Podemos reduziu assim a estratégia política a zero. Seu ceticismo da luta de classes e de qualquer possibilidade de enfrentar de forma revolucionária ao regime capitalista é o fundamento de uma estratégia que não vai mais além de uma tímida tentativa de reforma. Mas que, entretanto, por sua domesticação e adaptação aos mecanismos políticos, jurídicos e constitucionais do regime de 1978, se torna impossível. Um mal negócio.

Quanto tardará essa deriva em dar lugar a um amplo processo de reflexão e crítica de muitos setores de trabalhadores, jovens e ativistas que depositaram ilusões em Unidos Podemos e as chamadas “prefeituras da mudança”? Não sabemos. Mas o seguro é que esse processo se desenvolverá mais cedo ou mais tarde. E essa dinâmica, justamente é a que declara uma necessidade: abrir o debate sobre uma nova hipótese política depois do fracasso do neorreformismo.

A esquerda que se reivindica anticapitalista e revolucionária, assim como os setores mais conscientes do sindicalismo de esquerda e da juventude combativa, ainda débil no Estado espanhol, têm (temos) uma disjuntiva diante da famosa interrogação de Lenin: “O que fazer?”. A liquidação política dentro do neorreformismo, como lamentavelmente sucedeu com muitos grupos no Estado espanhol (e na Europa), que até a pouco tempo se reivindicavam “anticapitalistas”, ou a subordinação frente-populista a algum setor burguês “democrático”, resultam um destino trágico.
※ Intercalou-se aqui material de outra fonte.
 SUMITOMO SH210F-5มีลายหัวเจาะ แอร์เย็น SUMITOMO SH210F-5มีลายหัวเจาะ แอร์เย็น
Mas a autocomplacência sectária e a irrelevância não são um destino muito mais alentador para a esquerda revolucionária.

Entre a “Cila” do oportunismo e a “Caribdis” do sectarismo, entretanto, há uma alternativa. Começar a construir outro tipo de esquerda, uma que seja verdadeiramente anticapitalista e da classe trabalhadora, que faça sua a bandeira da defesa dos direitos democráticos desde a independência de classe e sem se subordinar a nenhum “campo” burguês; que tome em suas mãos a tarefa de organizar os setores mais explorados e precarizados da classe trabalhadora, das mulheres e juventude; que se proponha em definitiva a lutar contra o Regime de 1978 e a agenda conservadora a recentralizadora do Governo, e não reforma-los.

Uma esquerda assim é a que está se construindo na Argentina na Frente de Esquerda e nossa organização irmã, o PTS (Partidos dos Trabalhadores Socialistas, também organização irmã do MRT do Brasil). Um exemplo “esquecido” no velho continente pelos reformistas e negado pela imprensa capitalista. E não é para menos. Porque justamente demonstra que é possível ganhar influência em setores massivos da classe operária e da juventude e inclusive conquistar fortes posições eleitorais, sem relegar um programa de transformação revolucionária da sociedade.

Na Argentina está se construindo uma grande esquerda dos trabalhadores, que defende abertamente seu programa anticapitalista no parlamento como uma tribuna para desenvolver a luta de classes, como agora fazem os companheiros Nicolás del Caño e Myriam Bregman, junto a dezenas de milhares que enfrentam nas ruas o ajuste anti-operário e a repressão do governo de Macri contra os pensionistas e a classe trabalhadora.

Aqueles que fazemos parte do Esquerda Diário, as e os militantes da CRT no Estado espanhol, acreditamos que esse é o tipo de esquerda que temos que construir no Estado espanhol e no conjunto da Europa, e nos dedicamos a esse objetivo nossos esforços. Por isso, para desenvolver esse debate, queremos abrir as páginas do nosso diário. Não há tempo para perder.